How Healthcare Reform Will Affect Your Tax Return

January 26, 2015 by admin Leave a Comment

Premium Assistance Tax Credit

The Affordable Care Act created the Premium Assistance Tax Credit to provide governmental assistance to help those individuals who meet certain low-income qualifications, obtain affordable health coverage. In order to qualify for the assistance credit, California residents must purchase health insurance through CoveredCA.com. Nonresidents must purchase coverage through their state’s marketplace (exchange).

Those making less than four times the Federal Poverty Level (FPL) may qualify for reduced premiums through the marketplace. Those with income less than two and a half times the FPL may qualify for insurance with lower deductibles and copayments. For example, the FPL for a family of four is $23,550. If a family of four has household income below $94,200 (400% of the FPL), they may qualify for assistance with their health insurance premiums. If an individual or family’s household income is below 138% of the FPL, they probably qualify for Medicaid. The Federal Poverty Level (see below) is adjusted annually for inflation.

2014 Federal Poverty Level

poverty-level

If a household qualifies for the credit, the insurance exchange can make advance payments to the insurance provider on their behalf. Early in 2015, individuals who bought health insurance through the Marketplace will receive Form 1095-A, Health Insurance Marketplace Statement, which includes information about their coverage and any premium assistance received. Form 1095-A will help individuals complete their return. Individuals claiming the premium tax credit, including those who received advance payments of the premium tax credit, must file a federal income tax return for the year and attach Form 8962, Premium Tax Credit. A taxpayer’s premium tax credit for the year may differ from the advance credit payment amount estimated by the Marketplace because the taxpayer’s family size and household income are estimated at the time of enrollment. The difference between the actual credit and the amount of advance payments will be reconciled on the tax return.

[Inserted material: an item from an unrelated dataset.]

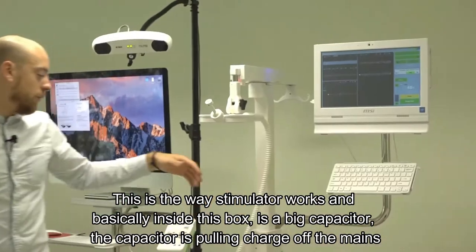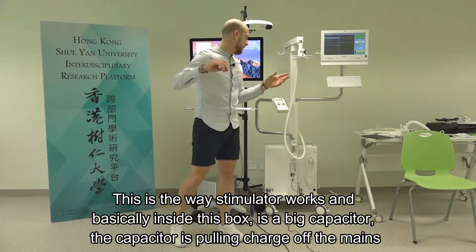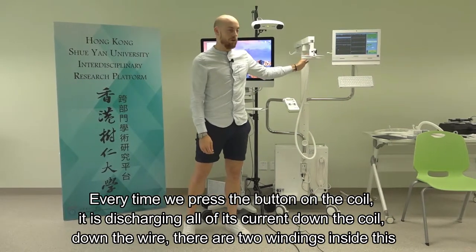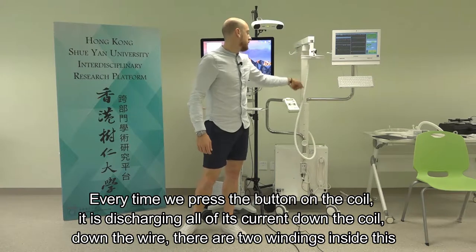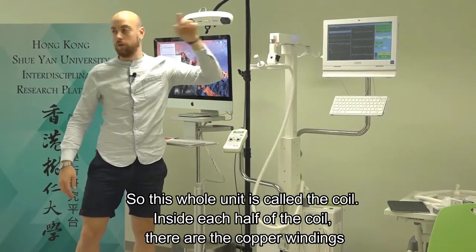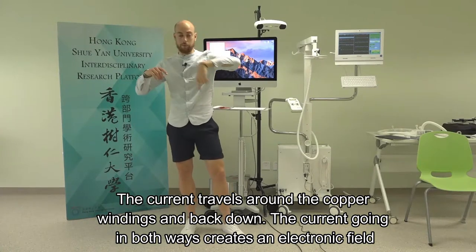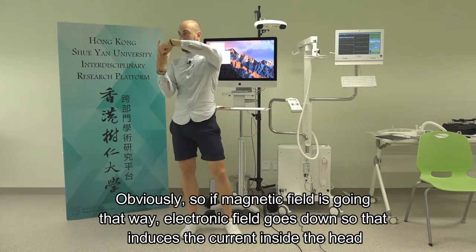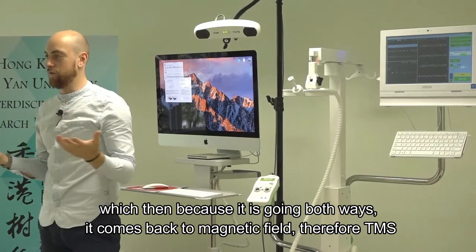Inside the stimulator box is a large capacitor pulling charge off the mains. Every time you press the button on the coil, it discharges all its current down the coil wire. There are two copper windings inside each half of the coil; the current travels around the windings and back. The current going in both ways creates an electric field, and the magnetic field induces a current inside the head - and that is TMS.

To reconcile on the return, a taxpayer must subtract the advance credit payments for the year from the amount of his premium tax credit calculated on the tax return. If the premium tax credit computed on the return is more than the advance credit payments made on the taxpayer’s behalf during the year, the difference will increase the refund or lower the amount of tax owed. If the advance credit payments are more than the premium tax credit (an excess advance credit payment), the difference will increase the amount owed and result in either a smaller refund or a balance due. This will be entered in the Tax and Credits section of the return.

The repayment limitation only applies to households that actually qualified for the premium assistance credit. The maximum repayment is $2,500 for families and $1,250 for individuals that qualify for the premium assistance credit based on actual household income. If the insurance exchange makes advance payments based on projected income, but the insured fails to qualify for the credit based on actual income, the repayment amount is not limited and 100% of the difference must be repaid.

Individual Shared Responsibility Mandate Penalty

Those who can afford health insurance but did not obtain coverage in 2014 may be required to pay an “individual responsibility penalty”. Additionally, insurance policies must meet minimum essential coverage requirements to avoid assessment of penalties. An insurance policy purchased from CoveredCA.com satisfies minimum coverage requirements.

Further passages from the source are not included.